Live Wires Pose Risks of Injury and Death
Did you know that as many as 1,000 Americans die from electric shock every year, and another 30,000 people are injured? Electric shock happens every day, in and out of the workplace. Shock is not the only risk factor of live wires. Many can increase the likelihood of fires, too. Stay safe, no matter where you are working with cables and wires. What tools are people using to handle live wires with extra care?
Cable Glands, and Cable Ties
Did you know that cable glands can be found on thousands of wires, and thousands of machines? Cable glands fit over the tops of wires, connecting wiring and cables to machinery safely, and securely. If there are a lot of cables, or a large volume of wires, the use of cable ties, or zip ties, is also fairly common. The first zip ties were used to organize airplane wires, to help streamline repairs and maintenance. Today, professionals and at-home repairmen, or women, can choose from a number of different options, including color cable ties, and releasable zip ties. In some cases, modern law enforcement has even been known to use them. The reason? Some especially strong zip ties can be used as makeshift handcuffs, called “plasticuffs.”
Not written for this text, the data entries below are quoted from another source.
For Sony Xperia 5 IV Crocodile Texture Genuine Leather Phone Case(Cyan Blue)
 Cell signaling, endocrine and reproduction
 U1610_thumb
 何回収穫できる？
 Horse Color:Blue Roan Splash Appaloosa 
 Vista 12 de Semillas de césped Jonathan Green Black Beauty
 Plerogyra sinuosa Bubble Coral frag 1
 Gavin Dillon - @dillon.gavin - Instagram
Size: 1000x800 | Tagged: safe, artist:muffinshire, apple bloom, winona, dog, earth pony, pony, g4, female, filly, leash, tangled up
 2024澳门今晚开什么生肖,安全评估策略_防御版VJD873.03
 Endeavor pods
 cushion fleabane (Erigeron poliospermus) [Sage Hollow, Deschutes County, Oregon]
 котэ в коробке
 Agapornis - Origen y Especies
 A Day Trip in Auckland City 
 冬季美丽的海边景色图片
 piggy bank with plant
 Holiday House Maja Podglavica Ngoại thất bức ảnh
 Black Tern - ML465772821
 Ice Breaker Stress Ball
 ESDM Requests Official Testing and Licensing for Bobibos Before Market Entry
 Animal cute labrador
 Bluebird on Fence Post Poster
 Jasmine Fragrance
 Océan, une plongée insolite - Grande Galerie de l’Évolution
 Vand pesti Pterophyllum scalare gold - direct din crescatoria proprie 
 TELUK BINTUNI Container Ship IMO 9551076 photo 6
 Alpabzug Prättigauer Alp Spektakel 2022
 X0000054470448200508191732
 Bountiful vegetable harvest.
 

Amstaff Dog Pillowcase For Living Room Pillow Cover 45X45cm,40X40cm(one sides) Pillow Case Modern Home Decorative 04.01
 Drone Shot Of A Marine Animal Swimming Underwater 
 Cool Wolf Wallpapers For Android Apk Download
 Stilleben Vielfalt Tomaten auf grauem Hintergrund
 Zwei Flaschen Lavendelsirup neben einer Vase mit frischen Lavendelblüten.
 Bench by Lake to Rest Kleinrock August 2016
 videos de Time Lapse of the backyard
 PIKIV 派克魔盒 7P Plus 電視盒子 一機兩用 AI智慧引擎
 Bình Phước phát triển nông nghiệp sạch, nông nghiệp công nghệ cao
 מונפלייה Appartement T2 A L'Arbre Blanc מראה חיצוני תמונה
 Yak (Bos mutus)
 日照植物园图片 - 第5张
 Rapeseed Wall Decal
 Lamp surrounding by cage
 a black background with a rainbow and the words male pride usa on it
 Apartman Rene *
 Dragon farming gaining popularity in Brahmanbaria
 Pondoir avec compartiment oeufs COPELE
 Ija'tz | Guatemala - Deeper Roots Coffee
Threaded Standoffs, and Nut Covers
Non-fatal electric shock, and other wire and hardware-related injuries, can happen in a number of different ways. Another useful tool, threaded standoffs, can help prevent shortages by separating pieces of equipment. Properly functioning equipment reduces risk of shock, and other unexpected malfunctions that may result in injury. Nut covers also keep machinery and equipment running smoothly, ensuring that essential bolts and nuts stay in prime condition, intact, and in place. These covers also prevent rusting. Workers, at home and in a professional setting, are more likely to cut themselves on rusty equipment. Rust can, on top of it all, be toxic if ingested in large amounts.
Stop risking electric shock, fire, and poisoning. With the right tools, like cable glands, zip ties, and nut covers, you can work with live cables and wiring, and stay safe, too.